There were 1,074,685 housing units, of which 902,200 were households; 43.7% were married-couple families, 31.2% had a female householder with a family and no spouse, and 18.0% had a male householder with the same. The average family size was 3.3. 20.2% of people were under the age of 18, while 16.9% were over 65.

In 2020, 53.6% of the county's population was foreign-born, with 59% being naturalized American citizens.

About 14.9% of the population was below the poverty line at the census, including 21.1% of those under age 18 and 20.8% of those aged 65 or over.

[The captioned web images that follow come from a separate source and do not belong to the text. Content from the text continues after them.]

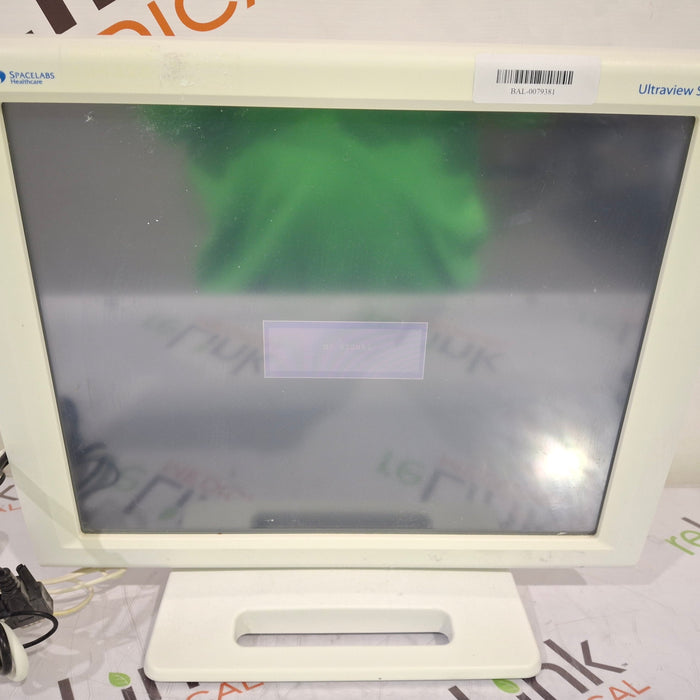 Spacelabs Healthcare UltraView SL Patient Monitor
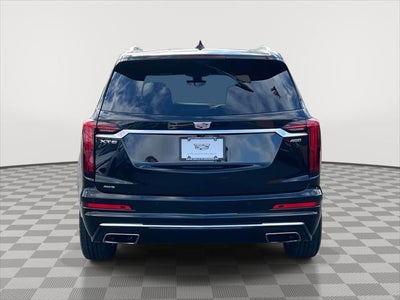 2024 Cadillac XT6 AWD Premium Luxury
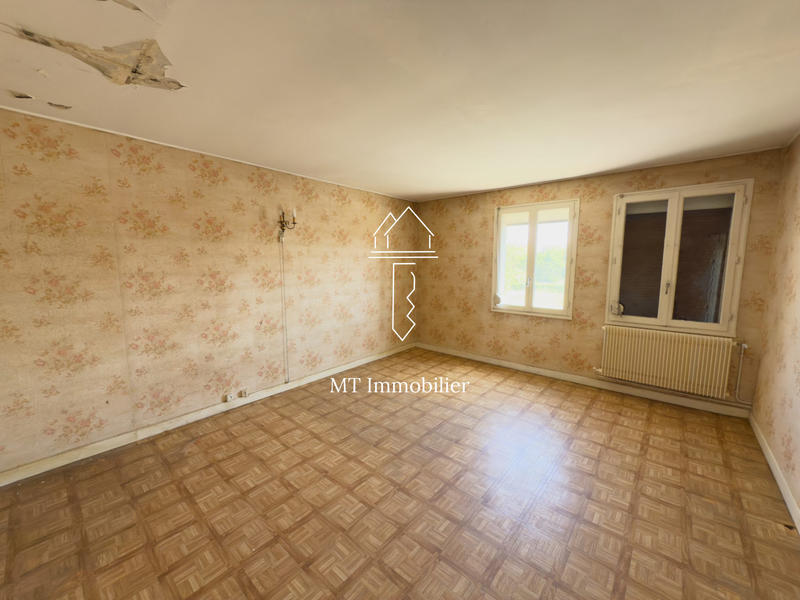 Maison - 106 m² - 4 pièces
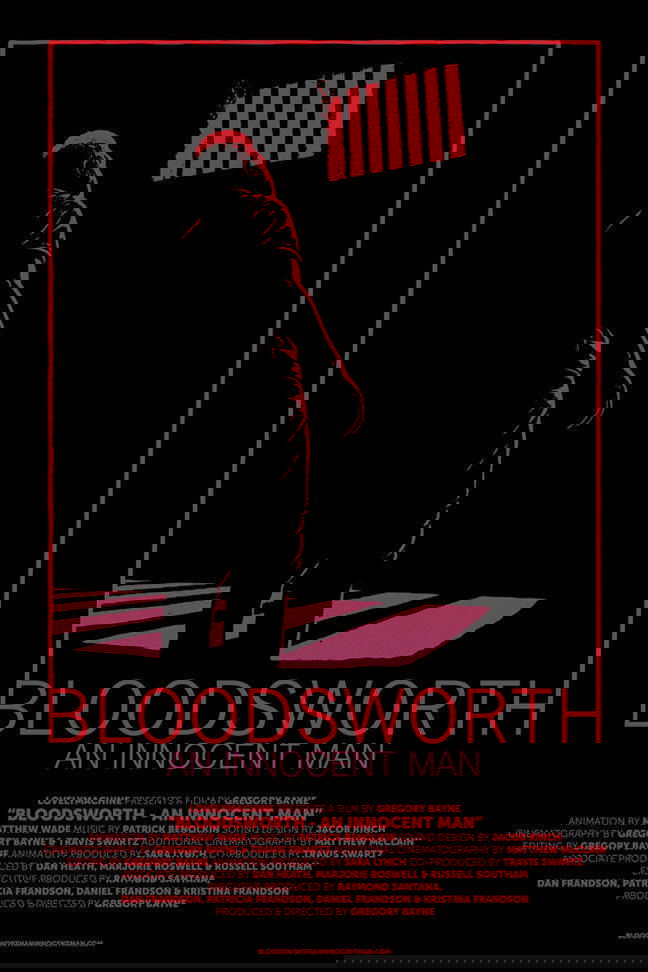 Bloodsworth: An Innocent Man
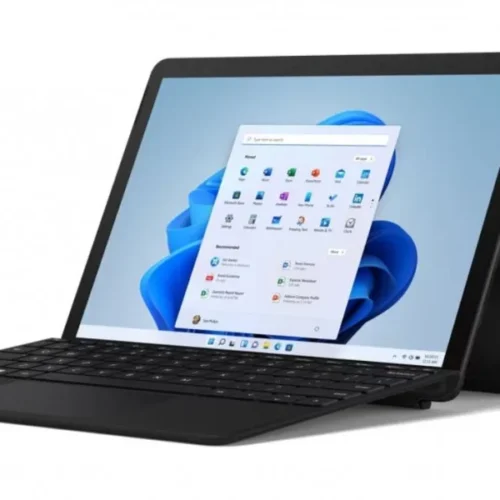 Alternative view of Microsoft Surface Go 4 N200/8GB/64GB Platinium XGT-00008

According to the 2022 Point-In-Time Homeless Count, there were 3,440 homeless people in Miami, 970 of which were on the streets.

Economy

Miami is a major center of commerce and finance and boasts a strong international business community. According to the 2020 ranking of world cities undertaken by the Globalization and World Cities Research Network (GaWC) based on the level of presence of global corporate service organizations, Miami is considered a Beta + level world city, along with Atlanta, Dallas, and Houston, however according to the US census between the years 2015–2019, Miami lacks in terms of owner-occupied housing, computer and internet usage, education regarding bachelor's degree or higher, median household income, per capita income, while achieving higher percentage of persons in poverty. Miami has a Gross Metropolitan Product of $257 billion, ranking 11th in the United States and 20th worldwide in GMP.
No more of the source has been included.